▶ **WHAT THE TASK REQUIRES**:
From the records below, output exactly the lines starting at the line with "colorful abstract merry christmas background" and ending at the line with "常怡老师企业微信二维码", both of them included, but no pictures.

▶ **ENTRIES SHOWN**:
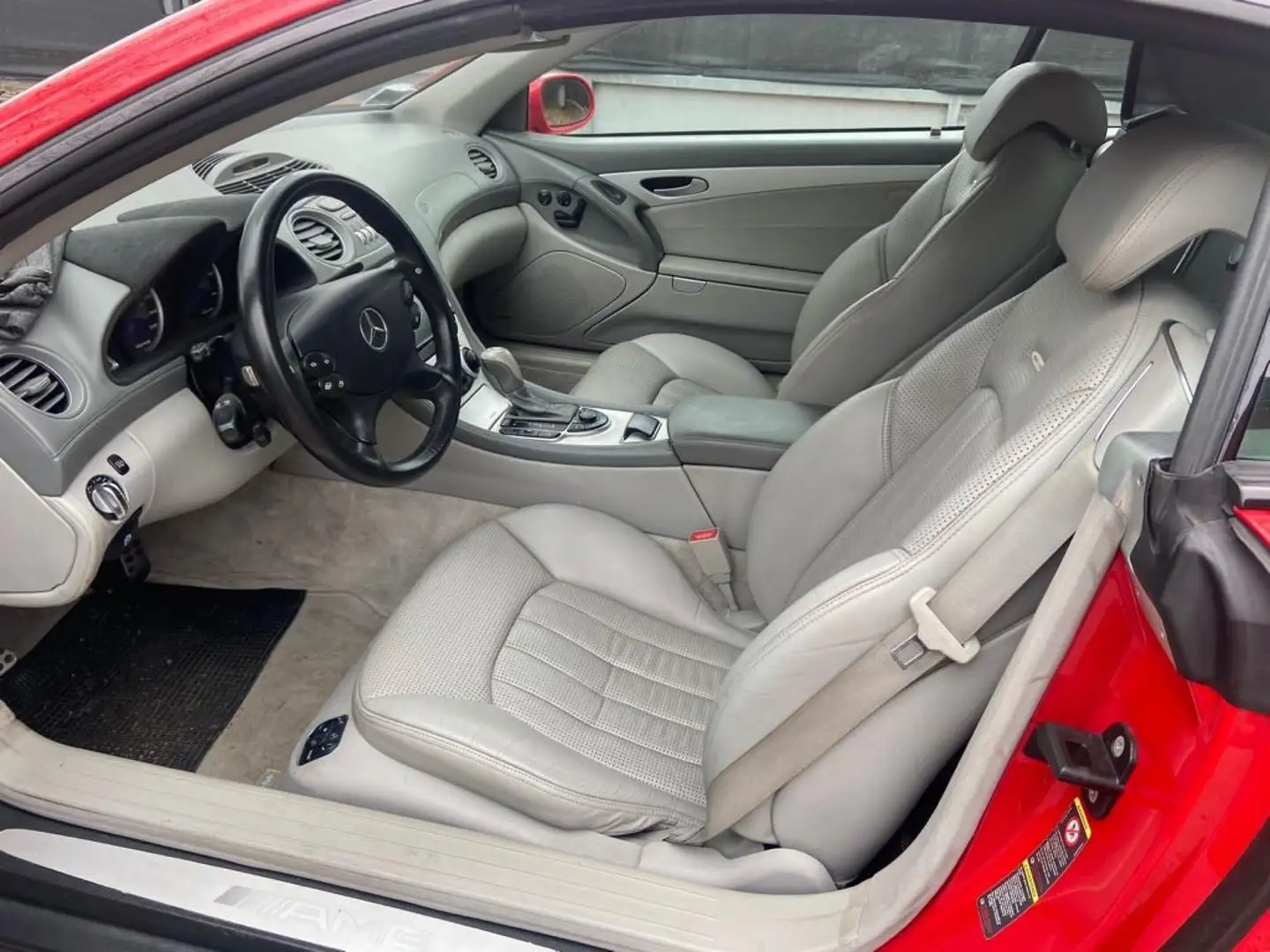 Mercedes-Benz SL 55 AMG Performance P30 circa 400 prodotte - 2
* * *
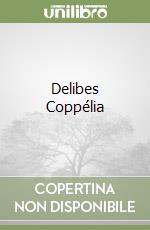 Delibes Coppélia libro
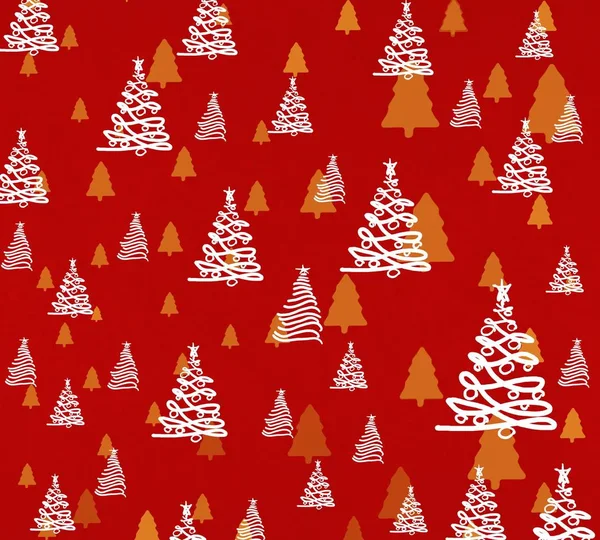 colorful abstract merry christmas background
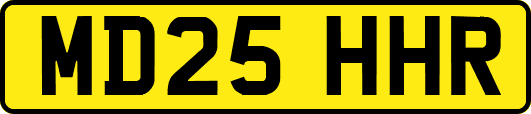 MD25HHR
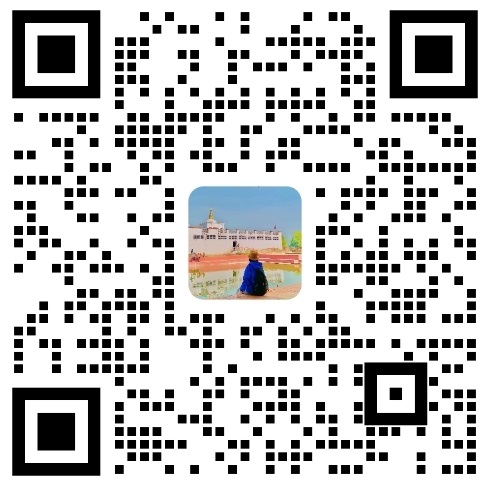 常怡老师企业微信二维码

▶ **ANSWER AREA**:
 colorful abstract merry christmas background
 MD25HHR
 常怡老师企业微信二维码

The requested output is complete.